Gadget With Huge Scope For Misuse
It is hard to tell whether Amazon’s latest wheeze is a revolutionary masterstroke, an interesting idea looking for a problem to solve or a potential threat to society.
The online retail and distribution giant has just secured a patent for pocket –sized, voice-controlled, camera-bearing drones.
These would be so small that drawings included in the patent application show one ‘docking’ on the shoulder of a user.
It is easy to see the market for such beasts taking off. They could become the latest ‘must have’ gadgets and become as prevalent as mobile phones.
But what would they actually be used for?
Amazon is suggesting a number of applications, particularly by uniformed services. They see police using them instead of dashcams to record the scene when traffic cops stop a driver, hovering overhead, just out of reach. They suggest firemen would send one ahead to check out a burning building.
The everyday public, they project, would search for misplaced cars in a car park or lost children in shopping centres with theirs.
There are, though, more practical solutions to all of these problems, ones which do not involve electronics taking to the air.
What is wrong with a camera sewn into a police lapel?
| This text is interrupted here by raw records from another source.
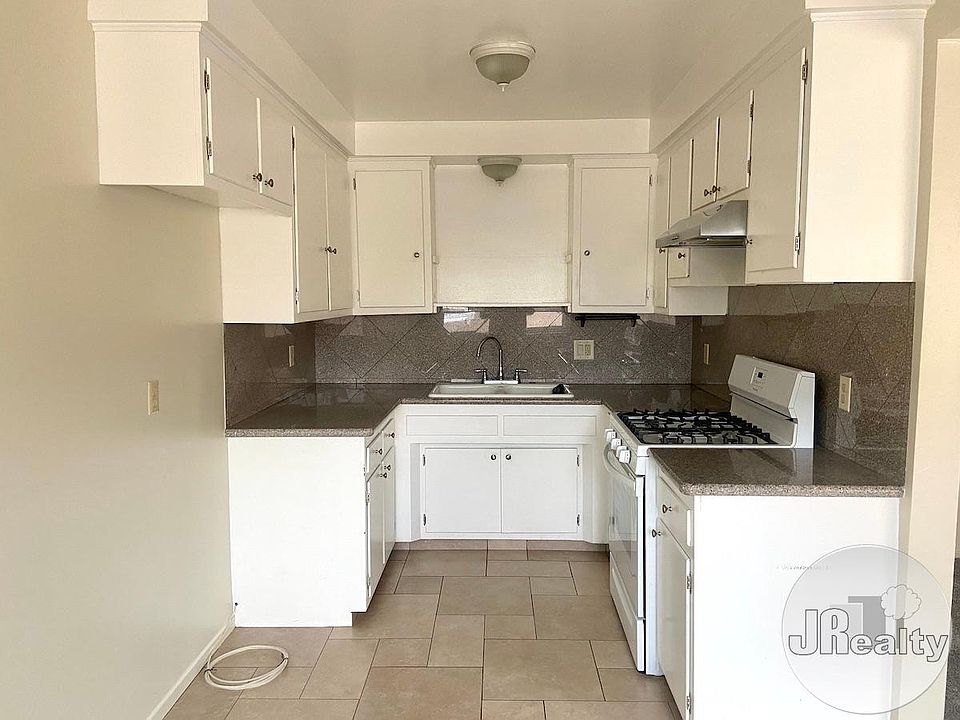 1st image of 4215 W 130th St #B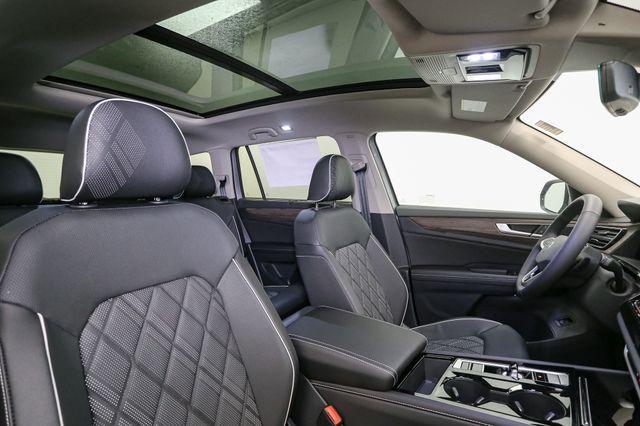 new 2025 Volkswagen Atlas car, priced at $52,738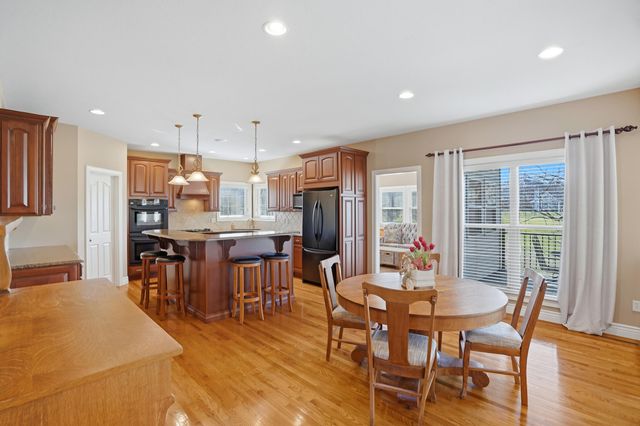 1702 DUNHILL WAY, Columbia, MO 65203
Gizmos for finding lost vehicles and kids using a smartphone have been around for some years and deliver results far quicker and with much greater certainty than aerial searches would.
Add to that the potential for misuse of lower-cost, harder-to-spot drones, by thieves, voyeurs or sexual predators, for example, and one does wonder whether this is one scheme that should be banned before it leaves the drawing board.